Scène de la vie quotidienne
Sous mes jeux effarés, une scène de la vie quotidienne banale s’est déroulée. Cette France devient vraiment insupportable
Deux « jeunes », grands, minces, 15, 16 ans, d’origine subsaharienne, sont sur une bicyclette vélib rue du Commerce dans le 15e arrondissement à Paris. L’un pédale à toute vitesse assis sur la selle. L’autre se tient debout, pieds posés en équilibre sur les pignons de la roue arrière, les mains appuyées sur les épaules du premier. La petite rue parisienne est vaguement embouteillée.
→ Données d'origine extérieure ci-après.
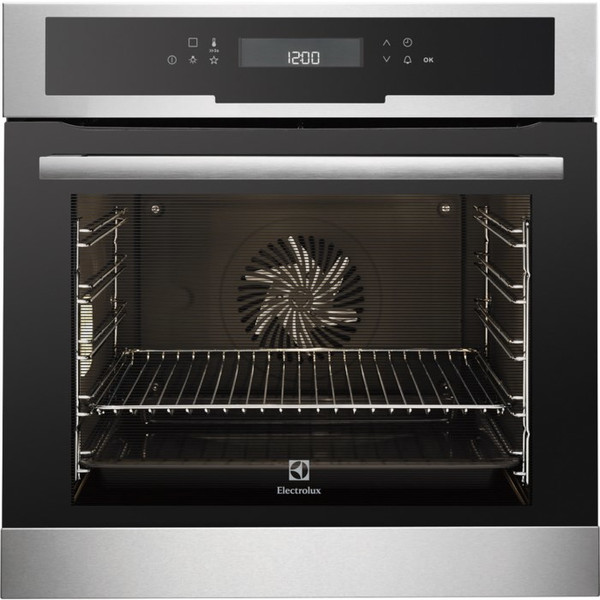 Electrolux EEC54740GOX Electric oven 71L 3500W A+ Stainless steel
Ils grimpent sur le premier bateau pour foncer sur le trottoir en zigzaguant. Evidemment les piétons apeurés se rangent sans rien dire. Une grand-mère promenant son petit-enfant qui n’a pas eu le réflexe de se pousser, s’exclame simplement après qu’ils l’ont frôlée : « Ne roulez pas sur le trottoir! ». « Ta gueule, la vieille! » fut la réponse qu’elle dut essuyer. « Oh! » fit-elle, moins choquée que pour montrer à son enfant que c’était une façon de s’exprimer scandaleuse.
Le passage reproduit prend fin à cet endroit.